# What kind of Lens for Nightclubs?



## hankejp (Jan 12, 2010)

So....If there's another thread for this, please lock this one with the link included.

I'm looking to find out what kind of lens will work the best for shooting bands in Nightclubs/bars.

My budget is approx $500-$600.  I'm looking for something fast.

Thanks


----------



## cfusionpm (Jan 12, 2010)

50mm f/1.4 would be your best bet.


----------



## themedicine (Jan 12, 2010)

^^ ding ding ding ^^

if you HAVE to have something with range, a 24-70 2.8 might could do you from sigma or something. but youd have to turn up your iso for equal type results.


----------



## altitude604 (Jan 12, 2010)

^ like he said. one of my friends does club photography with a 24-70 f/2.8 and gets great results. also a speedlite with diffuser is a great addition for when it's too dark.


----------



## RyanLilly (Jan 12, 2010)

For a crop camera I would use a Tamron 17-50 2.8, or Canon 17-55,or a sigma 18-50 HSM on a Nikon. Also a 70-200 2.8 IS.

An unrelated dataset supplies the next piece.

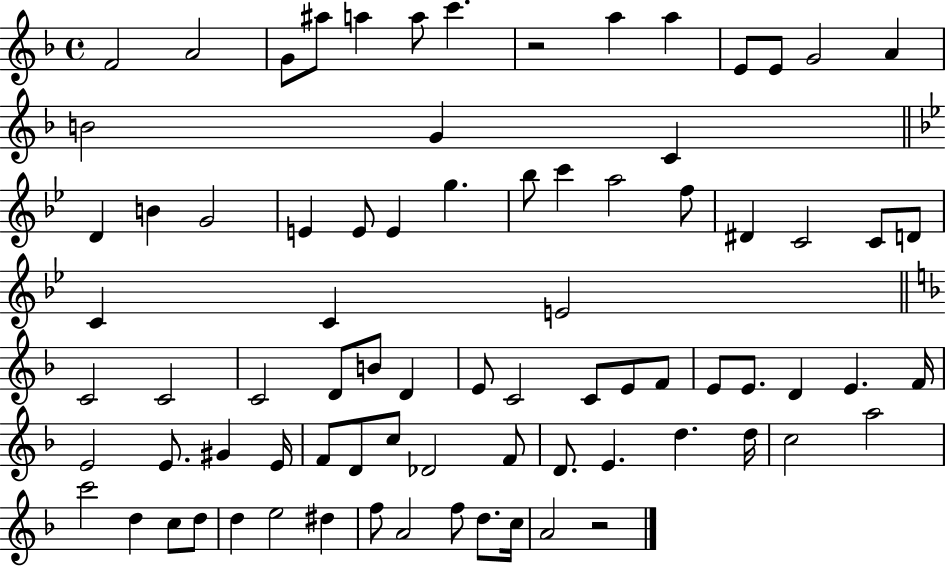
F4/h A4/h G4/e A#5/e A5/q A5/e C6/q. R/h A5/q A5/q E4/e E4/e G4/h A4/q B4/h G4/q C4/q D4/q B4/q G4/h E4/q E4/e E4/q G5/q. Bb5/e C6/q A5/h F5/e D#4/q C4/h C4/e D4/e C4/q C4/q E4/h C4/h C4/h C4/h D4/e B4/e D4/q E4/e C4/h C4/e E4/e F4/e E4/e E4/e. D4/q E4/q. F4/s E4/h E4/e. G#4/q E4/s F4/e D4/e C5/e Db4/h F4/e D4/e. E4/q. D5/q. D5/s C5/h A5/h C6/h D5/q C5/e D5/e D5/q E5/h D#5/q F5/e A4/h F5/e D5/e. C5/s A4/h R/h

I usually start with a base ISO of 800, going higher depending on my  shutter speeds and the lighting.

Primes would work great except for crowded areas where it is difficult to move around. In larger clubs, the stage is bigger and its harder to move around even in the Photo Pit. for example: It sucks if you are shooting the drummer, upstage, with a 135mm then the bass player, downstage left, starts doing something cool right in front of you; there is no time to change to a wider lens to get the shot. That is where the zooms are very handy. To me a single 50mm is too limiting. Using to bodies and having a 20mm and a 50mm, or a 50mm and an 80, or 100mm would probably yield better results.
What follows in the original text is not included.